Thursday, October 30, 2008, 10:55:48 AM, you wrote:

> Hi,

>>   Modified files:              (Branch: PHP_5_3)
>>     /php-src/ext/standard     math.c 
>>   Log:
>>   Fixed bug #42294 (Unified solution for round() based on C99 round)
>>   [DOC] New implementation of round() to work-around inconsistencies for 
>> win32
>>   and 64 bit platforms.
>>   
>>   This solution is very roughly based on BSD's implmentation of round(), 
>> which
>>   itself is an implementation of C99 standard. We take the absolute value of 
>> number
>>   we want to round time the 10 to the power of the number of decimal spaces 
>> we are 
>>   rounding to. The resulting value is rounded up and the pre-rounded value 
>> is 
>>   subtracted from it. If the difference is greater then 0.5000000001 we 
>> round up,
>>   otherwise we round down.

> Apparently, nobody reads internals anymore. :-(

> I made my initial comment on the bug report over a year ago. Since then
> I've dug quite a bit into floating point arithmetics and the actual
> problems behind round(). This lead to:

> http://wiki.php.net/rfc/rounding

> Which I posted quite a while ago and nearly nobody was interested:

> http://news.php.net/php.internals/40070

> [Now please don't simply apply the patch there, I've done some
> additional research since.]

> The solution I proposed over a year ago is actually wrong and it does
> not solve all the problems of round()'s g, see my RFC for that.
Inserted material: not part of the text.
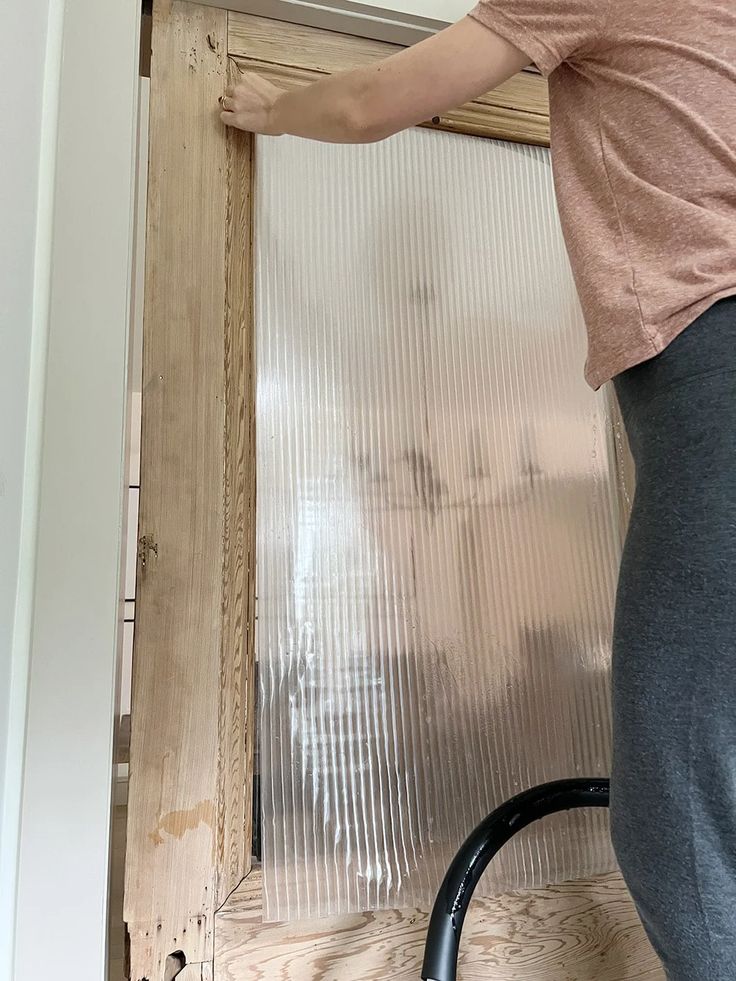 a woman is opening the door with her hand and holding it in place to open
> The general problems with round are actually:

> 1) Internal FPU precision on x86.
> 2) Specification problem (which rounding mode should actually be used?)
> 3) Dividing/multiplying by >= 10^23 is not exact.
> 4) round (1.255, 2) should give 1.26 but gives 1.25. The FUZZ stuff
>    tries to resolve this issue (but not the other three) but I've
>    come to the conclusion that the FUZZ is actually the wrong solution
>    for the problem.

> Since I didn't get any reaction on the RFC on internals, I pinged Lukas
> and Johannes (as they are RMs for PHP 5.3) in private in order to ask
> whether it was possible to include my proposal in 5.3 (I don't have ZE2
> Karma and my patch also needs to change zend_strtod).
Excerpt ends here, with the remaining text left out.